Focus your attention on your fiancé, your relationship, and your upcoming marriage–not on what you think you deserve from other people. 

Post # 11
Member
9533 posts
Buzzing Beekeeper
  • Wedding: August 2013

Thrburko89:  Well, my “mom issue” is that my mom died 3 years before my wedding. So concerns about losing a bit of spotlight sounds pretty awesome to me. My sister got married 6 weeks before me, so let me attest that this doesn’t need to be an issue. Thereis not a finite amount of joy or love or “spotligt”. Congratulate your mom. Plan your wedding. Let your mom plan hers. Don’t get competitive.

Post # 12
Member
6032 posts
Bee Keeper
  • Wedding: October 2014

Your mom has been looking after you for most of your life.
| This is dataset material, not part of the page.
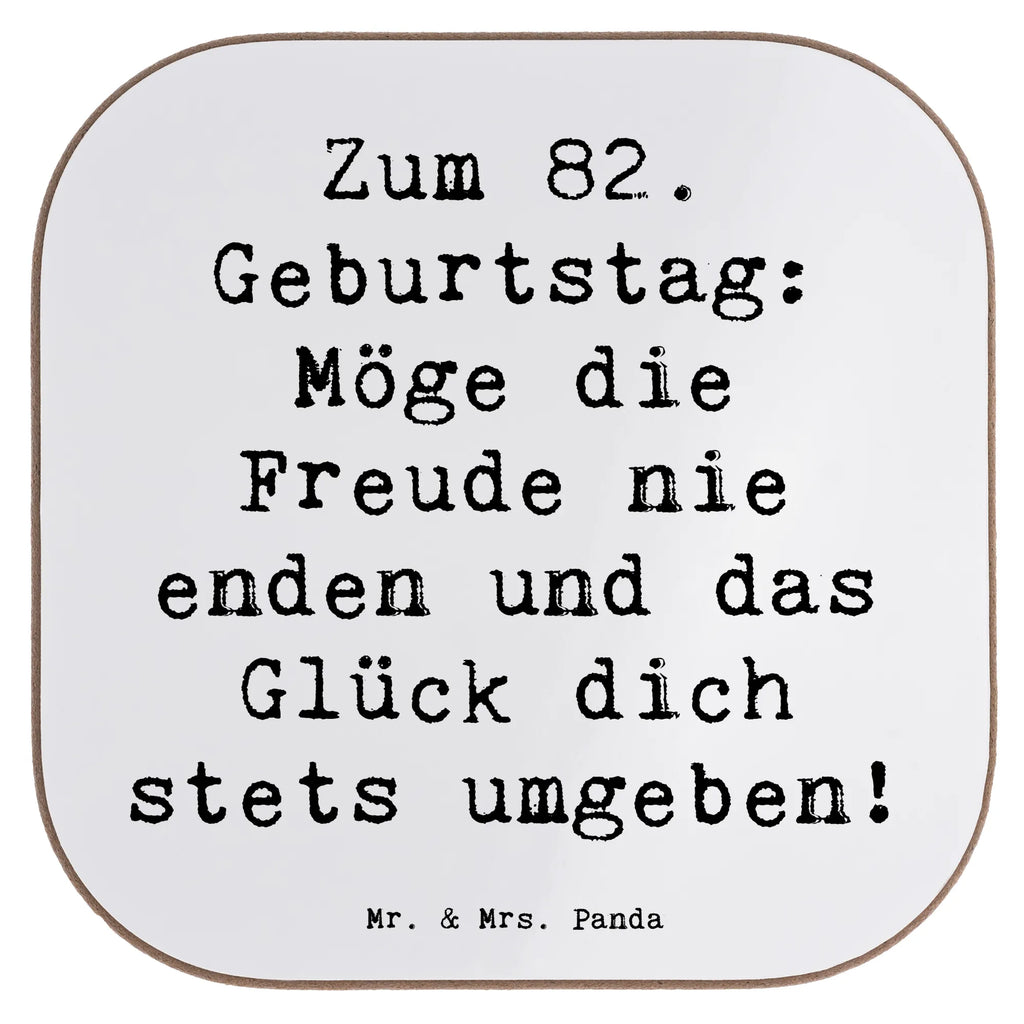 Untersetzer Spruch 82. Geburtstag Freude Untersetzer, Bierdeckel, Glasuntersetzer, Untersetzer Gläser, Getränkeuntersetzer, Untersetzer aus Holz, Untersetzer für Gläser, Korkuntersetzer, Untersetzer Holz, Holzuntersetzer, Tassen Untersetzer, Untersetzer Design, Geburtstag, Geburtstagsgeschenk, Geschenk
If she wants to check out and focus on her own wedding, then so be it. Be happy that she is happy.

Post # 13
Member
831 posts
Busy bee
  • Wedding: July 2015

Thrburko89:  I feel you. My mom started dating some guy a month before I started dating my FI. They were engaged in 6 months, married after 13. 
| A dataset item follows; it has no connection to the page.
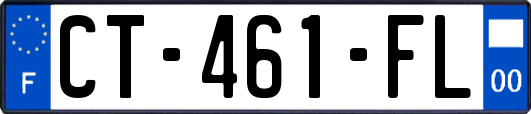 CT-461-FL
They’re helping pay a lot which is great but my mom has so many ridiculous requests… like all of her new husband’s family needs to be invited. She even wanted me to ask her new husband to give me away and we fought so much that we didn’t talk for a few weeks over it.

I’m having a much bigger wedding than my mom. And so far a lot of our family that didn’t come in for my mom’s wedding have said they plan on coming to mine. But they’re getting almost a year to plan and think about coming in, as opposed to a 4 months for her. Regardless, I think my mom is pretty jealous that more family is planning to come to my wedding over hers. As a result, I often feel like my mom wants to use my wedding to show off how happy she is with her new husband. It’s beena sorce of conflict and we’re still trying to work through it.

Through it all you just need to remember what your day is going to be about. When the day comes, no matter how much you spend or who contributed won’t matter. You and your partner will always be the focus.

And maybe its a good thing she’s getting married before you! She won’t be able to talk about her wedding plans and what they’re going to do. Your family will already know how her wedding went and your other guests won’t really care. They might tell her congrats and move on! 

Post # 14
Member
3195 posts
Sugar bee
  • Wedding: October 2010

I don’t understand brides who expect their parents to pay for wedding related items. 

Adults pay their own way and they never EXPECT cash from parents. 

It is sad that you cannot be happy for your mother. As a grown woman, it is time to accept that your mother’s world no longer revolves around you.

Being an only daughter is no excuse; I am the only daughter out of four children and I still do not expect handouts from my parents. I don’t know what “principle” you are referring to, unless you are speaking of the “spoiled adult child” principle. 

Post # 15
Member
1613 posts
Bumble bee
  • Wedding: September 2012

Thrburko89: 

1.  Good for you for venting here instead of in real life.  

2.  You and your partner are adults.  Your respective parents, regardless of their financial situation, owe you nothing towards paying for your wedding.  Of course, an offer of help is lovely and kind, as you said.  But really her finances have nothing to do with you or your wedding.

3.  You and your partner are adults.  Your respective parents, have reared you to adulthood, are now free to “do them” and prioritize their needs. Your mom being excited about her (third) wedding is just as valid as you being excited about your (first) wedding.  

4.  There’s plenty of excitement to go around for everyone, and life isn’t a competition.  You will have an amazing wedding and hopefully so will your mom.  Her wedding being sooner than yours is reasonable given her stage in life.

5.  I realize this is a vent and I’m not meaning to rain on your parade or chastize you, so I hope this just gives you some food for thought and maybe you can see another way to view the situation that is healthier for you and your relationship with your mom.

ETA: Oh jeez, I didn’t read the other responses first, so sorry I’m kinda beating a dead horse here.